Basically there is one union federation, the OGB, like the TUC in Britain. On the other hand it is also very different, mainly because in Austria the political parties have their own factions in the OGB. The Social Democratic faction is the strongest, about 65% to 70%. The Conservative faction controls the civil servants' union which is also affiliated to the Conservative party. There is also a smaller faction linked to the Communist Party, which has some influence among the Railway workers. There are also some independent unions who were affiliated to the Green Party, but have now split off. They have some influence especially amongst the teachers, and are in general quite militant. There is also a faction of the Freedom Party. They did set up their own trade union in 1998, separate from the OGB, but it proved to be a complete failure. Their aim was to recruit 100,000 members. About eighteen months ago they claimed to have something like 10,000, but in reality they had a lot less than that. Now they no longer raise the issue. They still have a faction in the main federation, the OGB, but it is very small, only around 2% or so. This also reveals that they don't really have a social base. It is the Social Democratic faction that is the dominant force inside the OGB and basically decides on policy.
Austria had always been famous for it's system of social partnership. It was a special form of social partnership, with the integration of the trade union bureaucracy into the bourgeois state. One of the government's aims now is to attack this social partnership. Although the establishment needed to integrate the labour movement into the bourgeois system, now they want to remove the trade unions from taking part in certain decisions. They have been attacking social partnership and it has been extremely weakened now. In actual fact the trade union leadership is so corrupt and has degenerated to such a degree, that it poses no opposition to this. They seem to be happy with the fact that their role has now been reduced.
Do the unions still have a lot of members?
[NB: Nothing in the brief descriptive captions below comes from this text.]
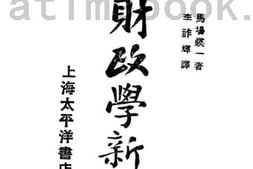 老图书–《财政学新论》电子版合集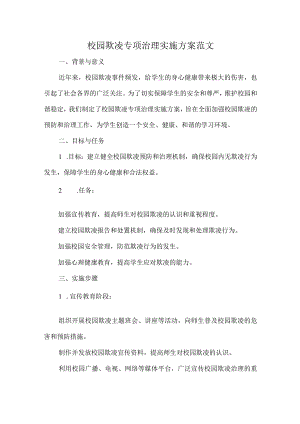 校园欺凌专项治理实施方案范文.docx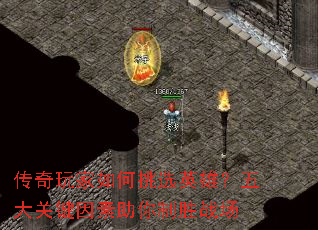 传奇玩家如何挑选英雄?五大关键因素助你制胜战场 传奇玩家如何挑选英雄?五大关键因素助你制胜战场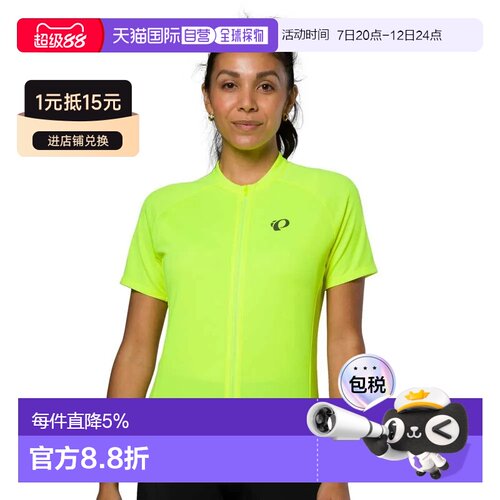 香港直邮PEARL IZUMI 短袖上衣 Quest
The OGB has 1.5 million members out of a population of about 8 million. There are still a lot of people in the unions. About 40% are organised although this is going down. Potentially the Austrian workers' movement is very strong, especially in sections like the railway workers, steelworkers etc. On the railways 90% of the workers are unionised. That would actually be a dream come true if it were linked with a correct programme. The potential is there, but for obvious reasons the membership is decreasing. Of course there is also casual labour and new kinds of contracts which the unions claim they can't organise. The average age of the trade union members is actually quite old. In fact about 200,000 members are actually pensioners, retired from work. And it isn't easy to mobilise when you are no longer active at your workplace.
The main problem, however, is that due to the policies of the leadership the trade unions are less and less able to organise young workers and get them into the movement. That is where the potential for building a big, strong union lies.